Append the following line to the file /etc/system to increase the number of file descriptors for Sun Java System Web Server:

set rlim_fd_max=65536

After making this or any change in the /etc/system file, reboot Solaris to put the new settings into effect. In addition, if you upgrade to a new version of Solaris, any line added to /etc/system should be removed and added again only after verifying that it is still valid.

Failure to Connect to HTTP Server

If users are experiencing connection timeouts from a browser to Sun Java System Web Server when the server is heavily loaded, you can increase the size of the HTTP listener backlog queue. To increase this setting, edit the file ListenQ parameter in the magnus.conf file:

ListenQ  8192

In addition to this setting, you must also increase the limits within the Solaris TCP/IP networking code. There are two parameters that are changed by executing the following commands:

/usr/sbin/ndd -set /dev/tcp tcp_conn_req_max_q 8192
/usr/sbin/ndd -set /dev/tcp tcp_conn_req_max_q0 8192

These two settings increase the maximum number of two Solaris listen queues that can fill up with waiting connections. tcp_conn_req_max_q increases the number of completed connections waiting to return from an accept() call. tcp_conn_req_max_q0 increases the maximum number of connections with the handshake incomplete. The default values are 128 and 1024 respectively. To automatically have these ndd commands executed after each system reboot, place them in a file called /etc/init.d/network-tuning and create a link to that file named /etc/rc2.d/S99network-tuning.

You can monitor the effect of these changes by using the netstat -s command and looking at the tcpListenDrop, tcpListenDropQ0, and tcpHalfOpenDrop values. Review them before adjusting these values. If they are not zero, adjust the value to 2048 initially, and continue to monitor the netstat output.

The Sun Java System Web Server ListenQ setting and the related Solaris tcp_conn_req_max_q and tcp_conn_req_max_q0 settings should match the throughput of the Sun Java System Web Server HTTP server. These queues act as a "buffer" to manage the irregular rate of connections coming from web users. These queues allow Solaris to accept the connections and hold them until they are processed by the Sun Java System Web Server HTTP server application.

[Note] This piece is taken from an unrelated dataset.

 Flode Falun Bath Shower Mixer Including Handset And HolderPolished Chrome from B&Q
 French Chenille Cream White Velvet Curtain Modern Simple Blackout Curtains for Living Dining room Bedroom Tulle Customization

You do not want to accept more connections than the Sun Java System Web Server HTTP server will be able to process. It is better to limit the size of these queues and reject further connections than to accept excess connections and fail to service them. The value of 2048 for these three parameters will typically reduce connection request failures, and improvement has been seen with values as high as 4096.

This adjustment is not expected to have any adverse impact in any web hosting environment, so you can consider this suggestion even if your system is not showing the symptoms mentioned.

Connection Refused Errors

If users are experiencing connection refused errors on a heavily loaded server, you can tune the use of network resources on the server.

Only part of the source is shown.